C’est un coup de rabot que le gouvernement vient de décider sur un des dispositifs clés de lutte contre le chômage du président Macron. Pour tenter de réaliser entre 93 à 140 millions d’euros d’économies sur l’apprentissage, dont le coût total pour le budget de l’État a été estimé à 14 milliards d’euros par an par la Cour des comptes et à près de 25 milliards par l’Observatoire français des conjonctures économiques (OFCE), la ministre du Travail a annoncé que les entreprises participeraient désormais à hauteur de 750 euros au coût de formation de chacun de leurs apprentis si ces derniers ont un niveau supérieur à bac + 3.

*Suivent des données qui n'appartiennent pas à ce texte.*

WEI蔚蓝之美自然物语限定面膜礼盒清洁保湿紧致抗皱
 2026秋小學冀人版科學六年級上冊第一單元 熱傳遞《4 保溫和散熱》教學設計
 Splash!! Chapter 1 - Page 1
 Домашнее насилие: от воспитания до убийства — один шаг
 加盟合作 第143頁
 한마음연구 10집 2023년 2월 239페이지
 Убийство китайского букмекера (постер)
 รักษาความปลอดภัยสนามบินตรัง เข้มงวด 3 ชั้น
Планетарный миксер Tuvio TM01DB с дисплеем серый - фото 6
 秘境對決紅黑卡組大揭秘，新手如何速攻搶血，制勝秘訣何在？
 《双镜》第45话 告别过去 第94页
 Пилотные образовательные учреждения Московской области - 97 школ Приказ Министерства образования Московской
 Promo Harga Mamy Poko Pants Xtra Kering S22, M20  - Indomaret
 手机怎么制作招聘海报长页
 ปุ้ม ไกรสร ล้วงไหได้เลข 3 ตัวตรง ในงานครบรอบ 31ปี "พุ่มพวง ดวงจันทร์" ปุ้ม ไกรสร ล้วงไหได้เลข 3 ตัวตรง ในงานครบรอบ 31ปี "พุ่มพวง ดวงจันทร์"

Autre axe de la coupe, « la priorisation des financements de l’apprentissage en fonction des besoins du marché du travail », annonce le ministère du Travail, soit la possibilité pour les branches professionnelles de moduler le financement des formations en fonction de leurs besoins. Cela devrait s’accompagner d’une vigilance accrue vis-à-vis de la qualité des enseignements dispensés par les centres de formation des apprentis (CFA) et d’un plus grand conditionnement des aides publiques qui leur seront versées. Ces changements s’ajoutent à la décision prise en janvier de réduire la prime accordée pour l’embauche d’un apprenti, passée de 6 000 à 5 000 euros pour les entreprises de moins de 250 salariés et à 2 000 pour celles au-dessus de ce seuil des 250.
Vache à lait pour les employeurs
Ces annonces ont été accueillies avec circonspection par le patronat, très attaché à ce dispositif de soutien public aux employeurs. La Confédération des petites et moyennes entreprises (CPME), notamment, a mis en garde dans un communiqué contre le risque « de casser la dynamique » de l’apprentissage et « d’impacter négativement l’emploi des jeunes ».
Il faut dire que depuis son élargissement en 2018, l’apprentissage a été, au côté d’autres aides versées aux entreprises sans contreparties, une véritable vache à lait pour les employeurs. C’est surtout le cas depuis 2020 quand, dans le cadre du plan de relance, une « aide exceptionnelle » qualifiée de « très généreuse et non ciblée » par une étude de l’OFCE s’est ajoutée aux exonérations de cotisations qui existaient déjà sur l’alternance, rendant cette forme d’embauche très économique pour les directions d’entreprise.
« Les apprentis sont devenus de la main-d’œuvre quasi gratuite pour les entreprises, qui préfèrent désormais embaucher des apprentis plutôt que des salariés en CDI ou en CDD, voire des stagiaires (ex. : étudiants) », résume une analyse du Syndicat des agents consulaires et de l’apprentissage SNCA-CGT. Le tout aux frais des contribuables, jamais aucun autre type d’emploi n’ayant bénéficié d’un tel niveau d’argent public. « La dépense publique pour l’apprentissage a atteint 21 milliards d’euros pour l’année 2022, en hausse de 270 % depuis 2018 », calculait l’économiste Bruno Coquet, l’auteur des notes sur la question de l’OFCE. Un montant exponentiel, la générosité des aides ayant entraîné l’explosion du nombre de contrats d’apprentissage, passé de 290 000 en 2017 à 854 000 en 2024.
Aide indiscriminée à l’entreprise
Si ces nouveaux freins visent d’abord à réduire les dépenses publiques, ils soulignent aussi d’autres limites du dispositif d’apprentissage. Présenté comme une politique de lutte contre le chômage des jeunes, ce dernier n’atteint en réalité pas ses objectifs. « On s’aperçoit que lorsque le montant des subventions augmente, les entreprises embauchent plus d’apprentis, mais les gardent moins, expliquait récemment sur France Culture Pierre Cahuc, professeur d’économie à Sciences-Po. La proportion de jeunes qui restent dans leur entreprise au terme de leur apprentissage est de l’ordre d’un tiers. »
Plus grave encore, en élargissant le statut d’apprenti et le versement des aides afférentes aux étudiants du supérieur, les réformes de 2018 et 2020 ont permis aux entreprises d’embaucher des étudiants du supérieur à bas coût au lieu de leur proposer un vrai contrat. Cette surreprésentation des étudiants parmi les apprentis s’est faite au détriment des jeunes sans emploi ni formation, à qui cette insertion dans le monde du travail est pourtant le plus bénéfique et dont la part n’a cessé de se réduire.
Les mesures annoncées s’attaquent aussi à la marge à un autre problème lié à l’explosion de l’apprentissage pointé par de nombreux observateurs : le développement anarchique d’un secteur de l’enseignement privé subventionné par l’État dont la qualité laisse à désirer. Mais elles le font sans jamais remettre en question la logique de fond, qui est celle d’une aide indiscriminée à l’entreprise.